> **Task prompt**
Every entry gets copied exactly. No images go into the copy.

> **Material provided**
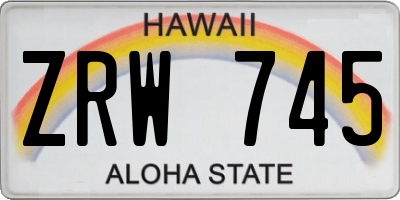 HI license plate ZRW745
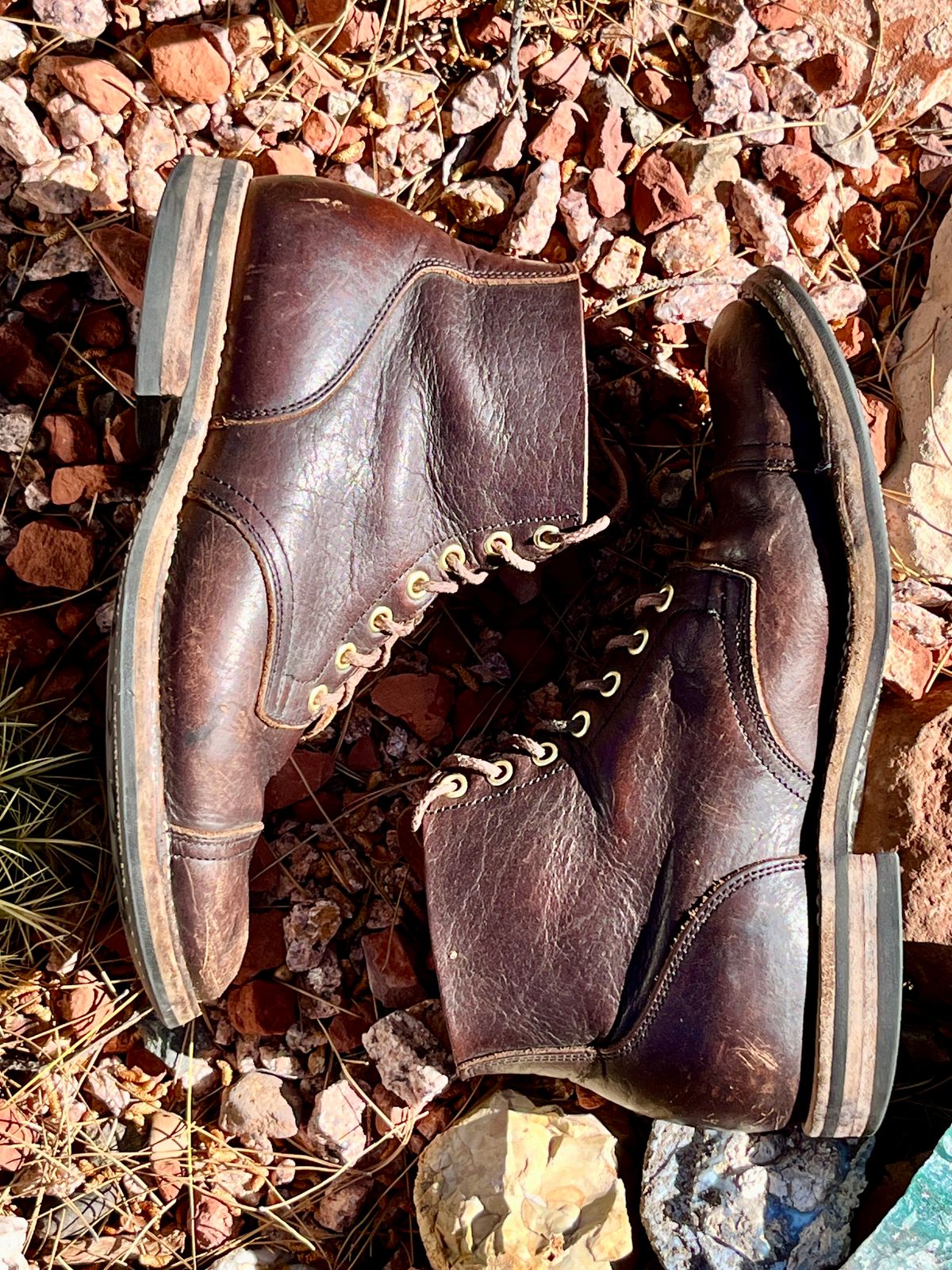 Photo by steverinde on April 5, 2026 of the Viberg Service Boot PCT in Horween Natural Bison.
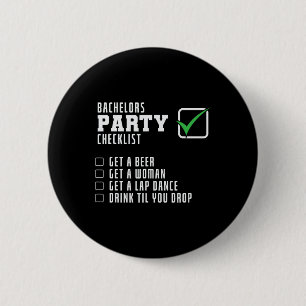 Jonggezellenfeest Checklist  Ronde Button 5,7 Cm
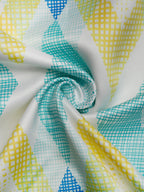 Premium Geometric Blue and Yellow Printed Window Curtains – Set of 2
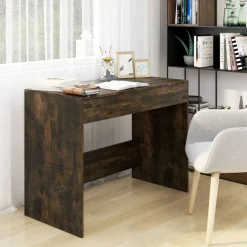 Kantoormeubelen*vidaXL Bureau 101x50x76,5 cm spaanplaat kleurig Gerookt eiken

> **Exercise output**
 HI license plate ZRW745
 Photo by steverinde on April 5, 2026 of the Viberg Service Boot PCT in Horween Natural Bison.
 Jonggezellenfeest Checklist  Ronde Button 5,7 Cm
 Premium Geometric Blue and Yellow Printed Window Curtains – Set of 2
 Kantoormeubelen*vidaXL Bureau 101x50x76,5 cm spaanplaat kleurig Gerookt eiken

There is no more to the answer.